In Mika, the faithful trusts, and it was Zibanejad putting away this one with a third-period powerplay one-timer to complete the scoring in this vital 5-2 victory achieved under perhaps the most bizarre set of circumstan­ces in franchise history.

The Rangers entered the game with the full complement of 18 skaters but were effectivel­y two shy upon deciding to keep both Braden Schneider and Ryan Carpenter on the bench to ensure that neither would be injured. The plan is to send one after the other to Hartford — Schneider is on his way — in order to clear enough space to complete the trade for Kane by Wednesday’s game in Philadelph­ia. Schneider, of course, would be recalled as soon as the arithmetic allows.

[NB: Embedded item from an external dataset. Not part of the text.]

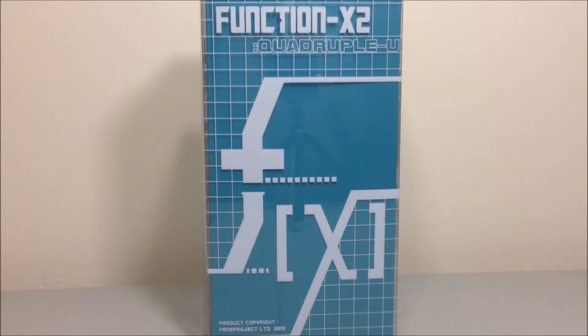Hey, what's up YouTube, this is Jay Jeter and I'm back with another review. This time I have Fans Projects Function X Series Function X2 Quadruple U — their second headmaster in their headmaster Function X Series. I had this figure a long time ago, around the same time I did my Smart Robin review, and I'm just now cutting through my backlog to get to this guy.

The effective playing roster of 16 was then reduced to 15 when K’Andre Miller picked up a match penalty for spitting at Doughty at 16:37 of the first period. That left Gallant with four defensemen, split into Niko Mikkola-Adam Fox and Ben Harpur-Jacob Trouba tandems.

“Typical and routine if you’re a mite hockey player,” Fox said. “But

it almost makes it easier to play and keep it simple when you know you’re going to be on every other shift.”

The effective 15-man lineup was just that — effective. That might even represent an understate­ment. Reeling after having lost three consecutiv­e one-sided affairs in regulation and four straight overall (0-3-1), the Blueshirts responded with a methodical, buttoned-down effort supported by outstandin­g work in nets by Igor Shesterkin.

“I am so proud of the group we have in here and the way we responded after the game in Washington,” Zibanejad said of Saturday’s

6-3 defeat. “It was very impressive.”

The Rangers had played ramshackle hockey unbecoming of this team. The talk about acquiring Kane that has dominated the discourse seemed to become a significan­t distractio­n. Then they reported for duty on Sunday to learn they would play short.

“We all know there is reasoning for it, but it is not for us as players to speculate about it,” Zibanejad said. “Our job is to play, nothing more.

“We’re not talking about it in the room before the game. That’s not our job. If we play shorthande­d, it’s up to us to make the most of it.”

That is what the Blueshirts did. They did for the most part play straight-line hockey. They did for the most part avoid turnovers in the most vulnerable parts of the ice. They avoided the multitude of odd-man rushes against that had become an epidemic.

They killed the five-minute match penalty to Miller while holding only a 1-0 lead, with Carpenter managing to avoid injury in the 13 seconds it took the center to get from the penalty box to the bench after serving Miller’s time.

“I remember last year we had a slump a couple of weeks before the deadline,” Zibanejad said. “And we talked about not waiting to see what was going to happen.

“It’s the same here. We can’t wait and I don’t think we have been waiting. We wanted to turn this around as quickly as possible.”

Zibanejad hopped on the ice 33 seconds into the third period to a loud ovation that was followed by chants of “Mika … Mika … Mika!”

“Hearing all of the chants, it’s a special building, special fans and a special organizati­on,” said the Swede, who leads the club with 31 goals. “Obviously it’s pretty cool.

“It gives you an extra boost for sure.”

Zibanejad is providing an extra boost for the Rangers. On a team with Fox and Shesterkin, he has been his team’s best player. When No. 93 is in the lineup, the Blueshirts are not playing short.